Confronting this question isn’t strictly in contradiction with the suggestion that imposing costs on AI creators for using digitally embodied knowledge and culture via copyright liability will threaten or kill AI development. There are as many problems with the idea that (traditional) copyright is a good fit for this job as there are with its use to fund public interest journalism. Big media corporations, as you suggest, often see knowledge and culture as a private commodity to be bought and sold, and they have the muscle to cut favourable licensing deals with the biggest search, social or (now) AI platforms.
Yet independent creators lack this power, placing them at a competitive disadvantage to big media.
Copyright licensing requirements also place independent or publicly-funded AI research at a disadvantage.
Together, copyright favours the dominant corporations and incumbents of both the media and AI industries, entrenching their dominant positions further.
And yet consider also, public interest news - and I’d suggest knowledge - needs to be freely accessible to benefit the public, and funded (one way or another) by the people it’s meant to serve.

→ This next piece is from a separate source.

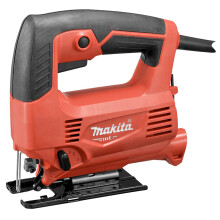 Makita Corded Electric Jigsaw 240V 3 Stage Orbital Action M4301 450W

Western publics generally contribute huge amounts to charities and their governments significant amounts to academic research and the arts - and sometimes news provision - through public grants, as these activities and cultural creations are deemed valuable public goods.
Far better then, that increased levies on the profits of AI corporations (and tech companies, more generally) be used to directly stimulate public-interest knowledge and cultural production, according to publicly-directed needs; and to allow this produce to be freely used for AI training.